> To do
Starting at the line that contains "Photo of Alicia", copy every line to the end of the material below exactly, and omit the pictures.

> Information supplied
[Start of section]

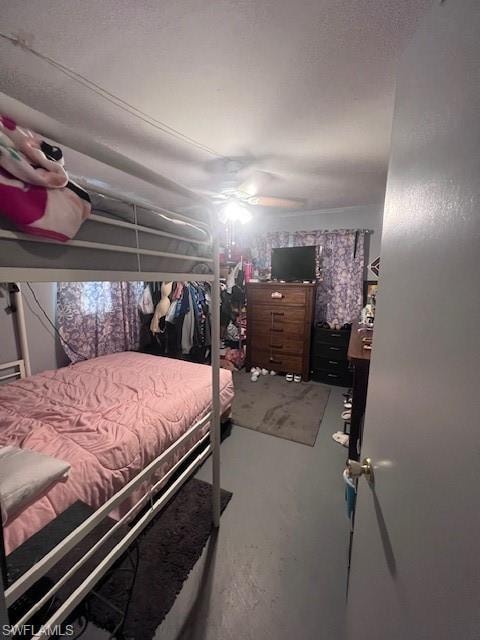 Bedroom with concrete floors, a textured ceiling, and a ceiling fan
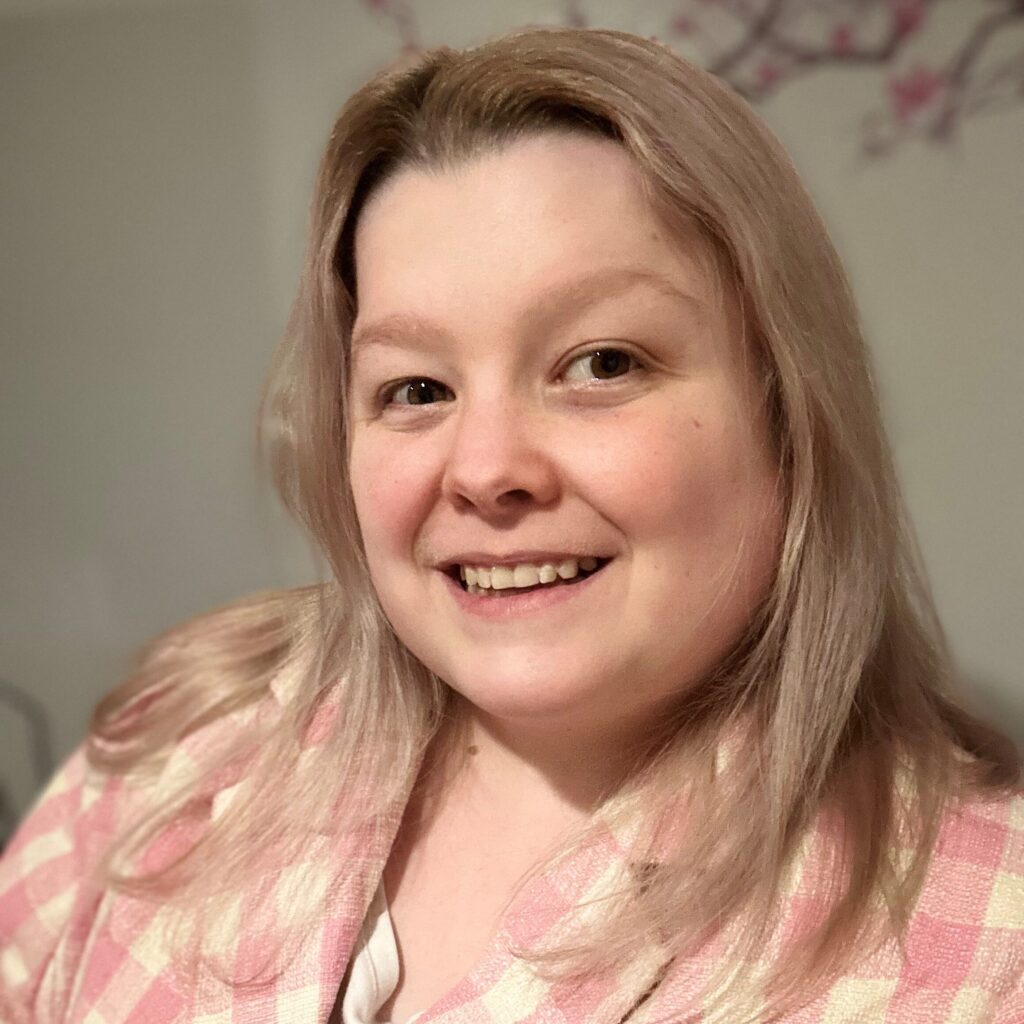 Photo of Alicia Chenier. Alicia is wearing a pink tartan blazer and is smiling at the camera.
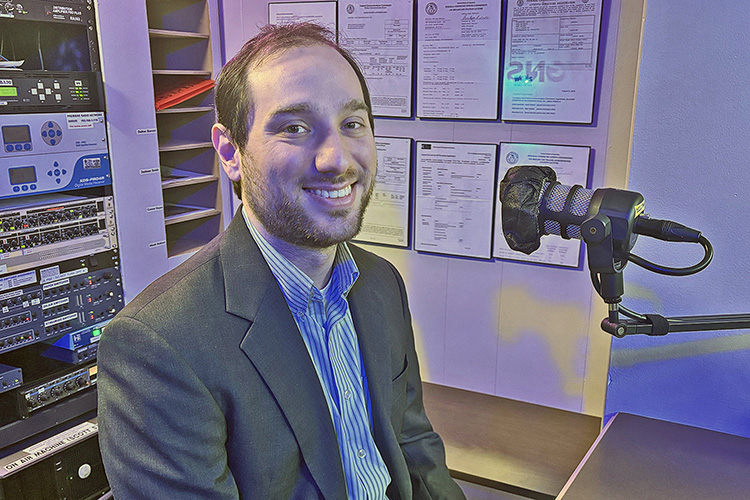John Villanova, assistant professor in the Department of Physics and Astronomy and associate director of research in the QRISE Center at Middle Tennessee State University, discussed the new center as a guest on the WGNS Radio “Action Line” program on Dec. 15 from the station’s studio in downtown Murfreesboro, Tenn. (MTSU photo by Nancy DeGennaro)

[End of section]

> Exercise answer
 Photo of Alicia Chenier. Alicia is wearing a pink tartan blazer and is smiling at the camera.
John Villanova, assistant professor in the Department of Physics and Astronomy and associate director of research in the QRISE Center at Middle Tennessee State University, discussed the new center as a guest on the WGNS Radio “Action Line” program on Dec. 15 from the station’s studio in downtown Murfreesboro, Tenn. (MTSU photo by Nancy DeGennaro)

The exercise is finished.